XBIZ: How has the market changed in 20 years?
Orlandino: Chinese companies are all over the place like ants, the ankle biters, the “me-toos” and all these other companies. It’s gotten crazy. But the thing now, in 2016, they’re all going to fall out. Enough’s enough. If you don’t have a solid back catalog, good products, service, financial backing, then you’re done this year. You can’t continue to pound your chest with no money in the bank and that’s going to hurt a lot of these little guys — but that’s my opinion.
XBIZ: Do you have a most memorable moment from past shows?
Orlandino: There are lots and lots of great moments. We had poker tournaments and golf tournaments and karaoke nights and we just grew and grew and grew. It’s pretty impressive.
Now ANME is massive. We’ve got 100 exhibitors, 1,500 buyers from around the world. It’s the premiere show in the business. The most business gets done at that show. It’s helped Pipedream tremendously on so many levels, helped me personally grow as a businessperson on so many levels, and it’s cemented Pipedream and ANME as one of the biggest in the world, which I’m very proud of.
XBIZ: Discuss ANME as a platform for product debuts. Why has it become the place to premiere releases?
Orlandino: We set a schedule pretty much based on the old January/July philosophy. It’s funny; now I’m tinkering with the idea of changing that in the future, try smaller releases, maybe four times a year instead. I think it would just make it easier on everybody — distributors, retailers, my production people, my supply chain. We’ll talk to some other companies as well to get their feedback on it. Maybe do an annex of ANME at different cities, maybe April and October? Something to that effect.
XBIZ: How does attending ANME benefit retailers?
Orlandino: A lot of information, a lot of exposure. The good companies who are growing, they’re there selling service, not just product, they are offering a lot to the retailers. And they need to absorb it, and learn it, and take it, and suck it in. The old days of, “here, take this, buy it, it’ll sell” — that’s not the sales pitch anymore. Now we’re telling you why and how to sell and market these products on a regular basis… and it works! We know it works. We’ve seen our sales rise and we’ve seen the retailers’ sales rise.
XBIZ: Discuss ANME as an event for networking and/or building a sense of community within the pleasure products industry. How does it bring the industry together?
Orlandino: That was part of my concept early on, was having all the dinners and lunches together, to keep everyone together. It’s hard because we’re in Los Angeles, so a lot of the local companies take people out to dinners and hotels and we’ve tried to discourage that. But I do think that building community is important and we try to address it every year, to get people to stay and network. It is important that the industry stays together as a whole — more comes out of it.

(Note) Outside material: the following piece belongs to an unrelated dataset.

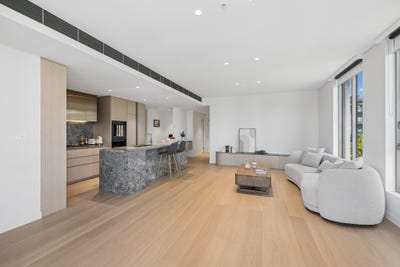 /international/au/202-5-scott-street-willoughby-nsw-152278148/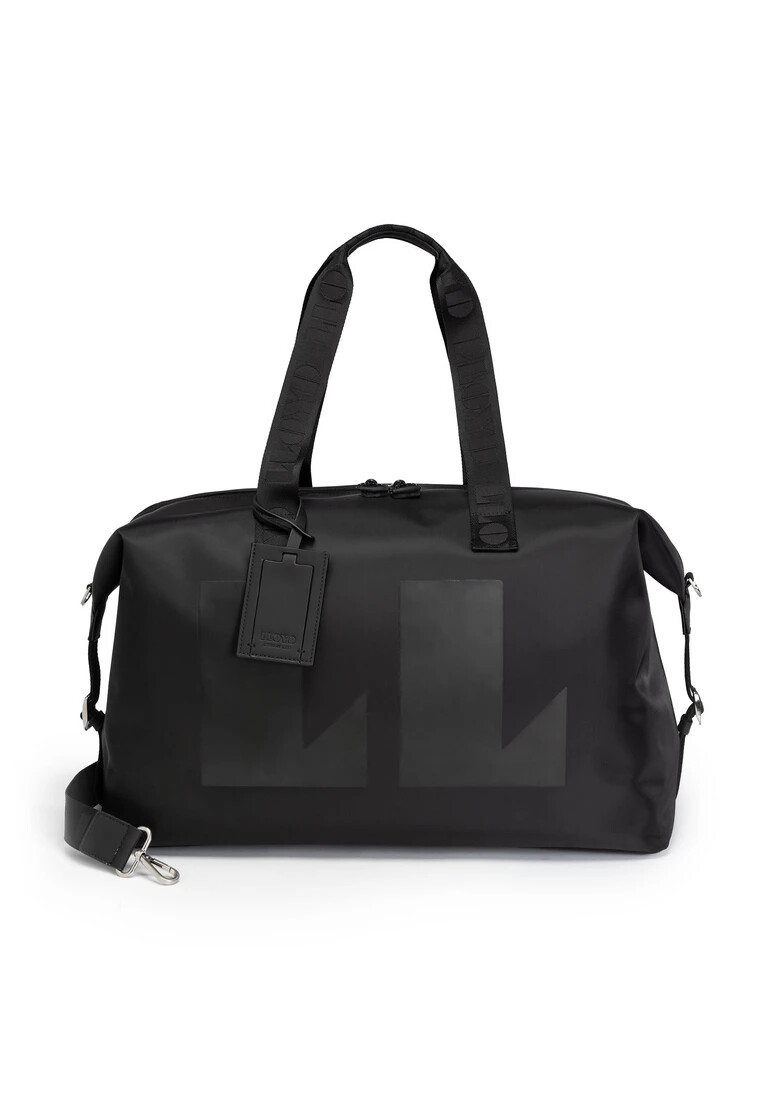 bolsa de fin de semana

XBIZ: What can we expect from ANME in the future?
Orlandino: We’re still looking for another venue that meets our needs. We’re always looking for a bigger venue in order to fit everybody. Other than that, it works. The format works. From the day it was created, I’ve been running the show ever since. I still currently run the show with Val Jones — who does a tremendous job keeping everyone in line and keeping the show moving forward.
We may look at doing a traveling ANME for the future, but that’s about it. See you in Burbank!